◆ **INSTRUCTIONS FOR THE TASK**: With pictures omitted, restate the data word for word.

Start of DATA SEGMENT

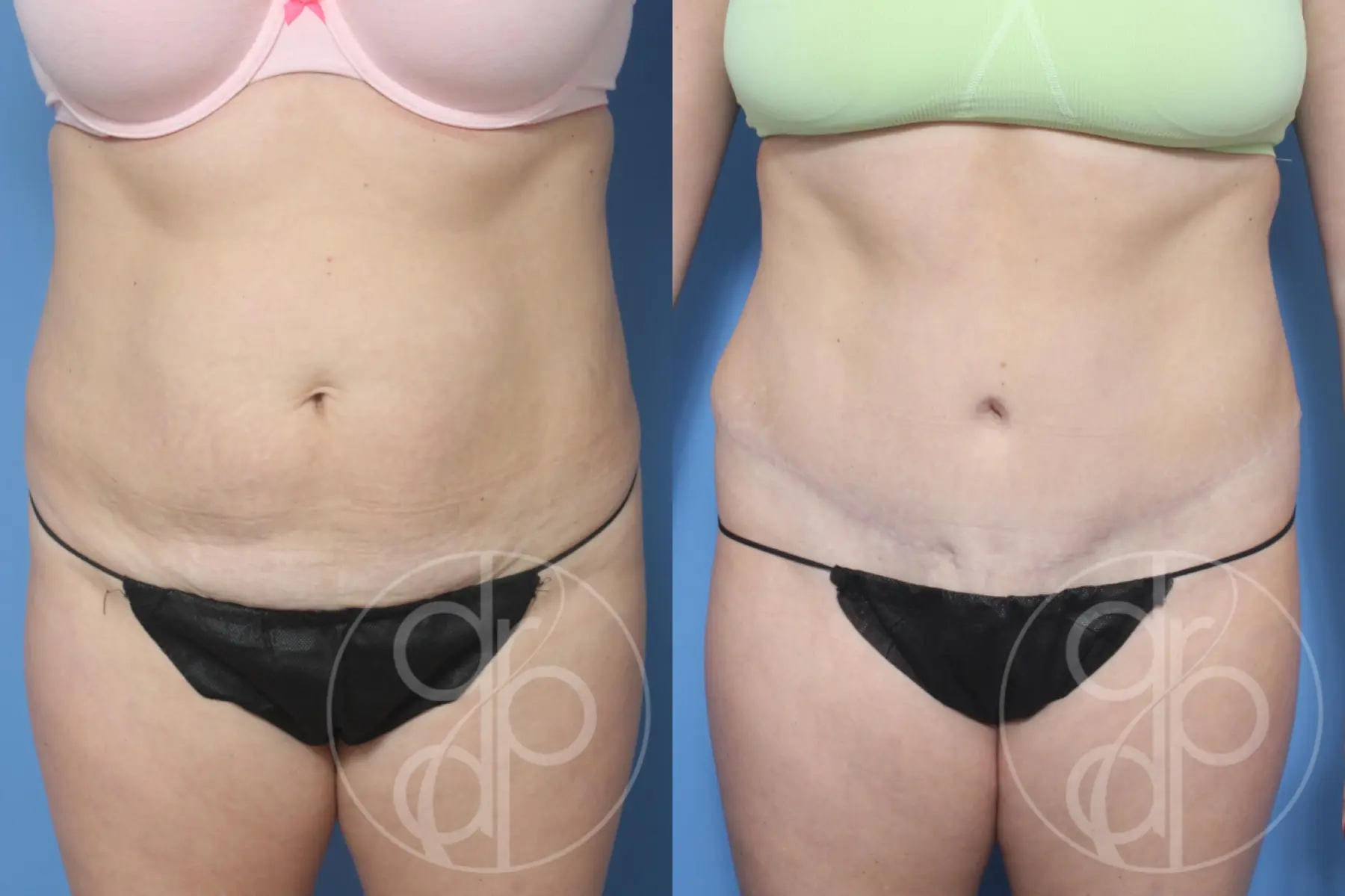 patient 13144 tummy tuck before and after result - Before and After 1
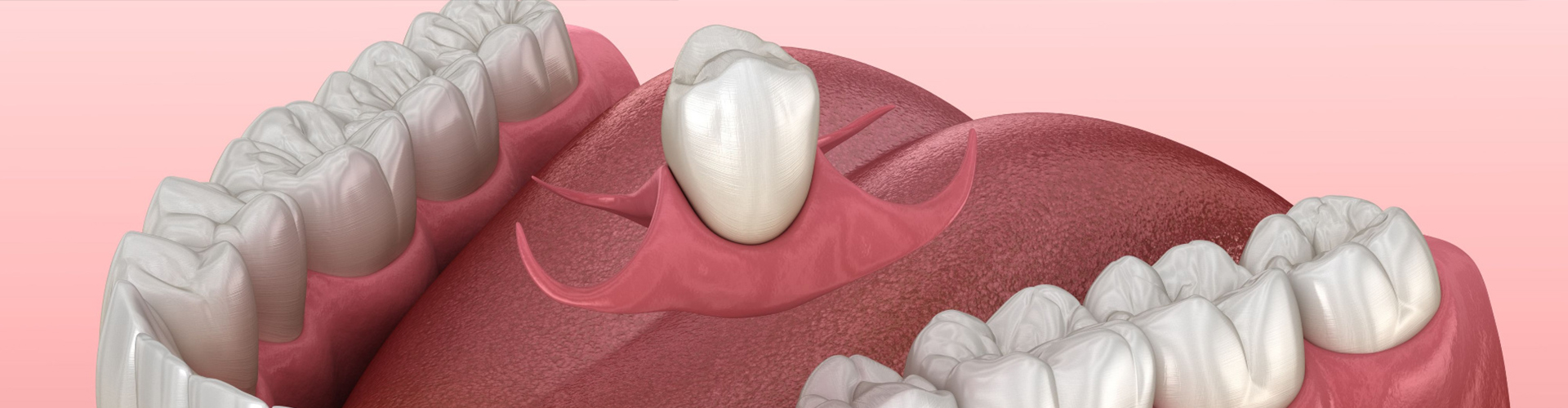 rendering of a partial denture being placed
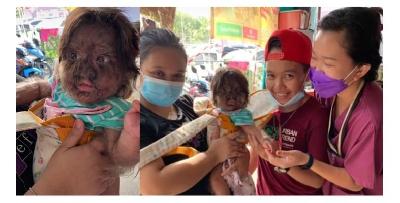 Uniknya, bayi ni dilahirkan berbulu tetapi kelihatan sangat comel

End of DATA SEGMENT

◆ **RESULT FOR THIS EXERCISE**:
 patient 13144 tummy tuck before and after result - Before and After 1
 rendering of a partial denture being placed
 Uniknya, bayi ni dilahirkan berbulu tetapi kelihatan sangat comel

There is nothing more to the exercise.